It’s a sweltering summer afternoon, three days before my wedding, and I’m deep in the bowels of a suburban reform Jewish day school, standing naked in a small pool of lukewarm water. The room is dim save for the circle of candles that Sheila, a woman I’ve just met, has lit for ambiance. “now, as I immerse myself, I begin a new cycle, one of rebirth and renewal,” she recites, her voice reverberating off the room’s pink-tiled walls as I dunk myself at the appropriate moments, three times in all. “I am now prepared to shed the impurities of my earlier life, to become one with a new life… to become a partner in sharing the joys of life, to teach and to learn the lessons of married life.”
After my husband proposed, I found myself, at age 33, partaking in all manner of bride-y customs that would have made the slightly punk and staunchly feminist 20-year-old me recoil in disgust: I said yes to a white dress, teetered down the aisle on sparkly, bow-adorned heels and held my husband’s hand as we sliced through our four-tiered chocolate cake. But nothing would have stunned 20-something me more than the choice I made to take a pre-wedding trip to the mikvah, a Jewish ritual bath.
When asked about my spiritual leanings, I generally check the agnostic box. I like to identify as “TV Jewish”—I enjoy smoked-meat sandwiches and indulge in bouts of charming neurosis, but only attend synagogue twice a year, for high holidays. Yet I’m actually part of a growing number of young Jewish women who have embraced a ritual that my own mother—and many other Jewish women of her generation—deemed “unthinkable.”
According to Mikvah.org, an educational site run by the ultra-Orthodox Chabad-Lubavitch movement, the number of new mikva’ot (the plural of mikvah) in North America has grown steadily in the past 10 years. There are now about 368 Orthodox mikva’ot in the U.S. and 39 across Canada.
There also seems to be a growing demand for mikva’ot in non-Orthodox, more liberal communities. There are roughly 60 progressive mikva’ot in the U.S. and eight across Canada, with fundraising underway to build progressive baths in New York City and Israel, the world’s largest Jewish centres.
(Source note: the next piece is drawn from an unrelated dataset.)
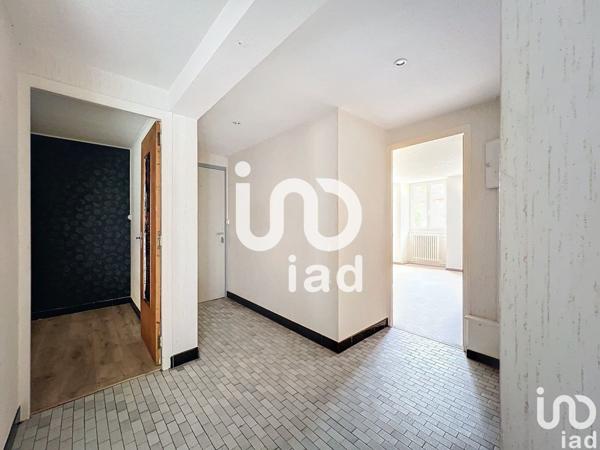 Appartement 4 pièces de 88 m² à Hauts de Bienne (39400)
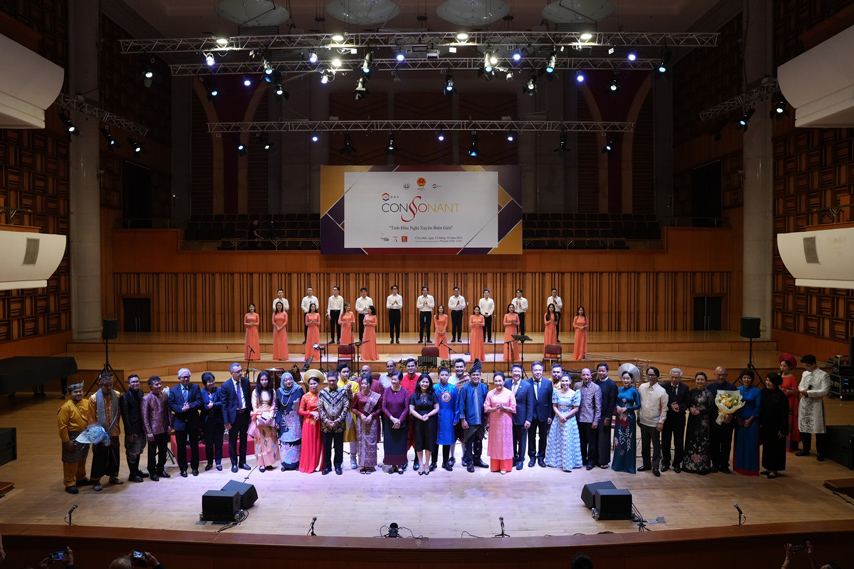 Tang Cuong Gan Ket Am Nhac Truyen Thong Asean Voi Chtr Hoa Nhac Tinh Huu Nghi Xuyen Bien Gioi 02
Though the mikvah is also used for conversions and to prepare for the high holidays (men partake for these reasons as well), the practice is predominantly tied to rules for female purity. According to the Book of Leviticus, a menstruating woman is considered ritually impure (or tumah, in Hebrew). It’s a sin to have sex during that time or in the seven days that follow. To confirm menstruation is complete, Orthodox women check their vaginal secretions for remnants of blood with a white cloth called a bedikah. Rabbinic literature lays out rules for analyzing the colour, shape and size of marks: white or clear is fine, brown, black, pink and orange are “questionable.” If you’re unsure about what you see, you should consult a rabbi for further analysis.
“Bedikah cloths are horrible, awful things,” my cousin Ya’ara Saks tells me. She used them while married to an Orthodox man in Israel, but wound up resenting the practice. Particularly degrading, says Saks—now divorced and living in Toronto—was the inference that a male rabbi would know her body better than she did.
“I feel like it’s a control thing,” she says. “I did it because my husband wanted us to observe to the letter of the law, but… if I have body awareness of my cycle, why do I need this process to dictate it to me?”
The immersion ceremony for female purity occurs after seven blood-free days. Each of the mikva’ot—some of which are spa-like, while others, like the one I visited, more closely resemble a community pool—is built to biblical specifications and filled with water collected from a natural source, such as rain or a spring-fed lake (the idea being that you’re immersing yourself in water that has been on earth since Creation, albeit often with the addition of chlorine). After three ritual dunks, you’re deemed “pure” and ready for sex. (This period typically coincides with peak fertility; in the Orthodox faith, sex is only ever for baby making.)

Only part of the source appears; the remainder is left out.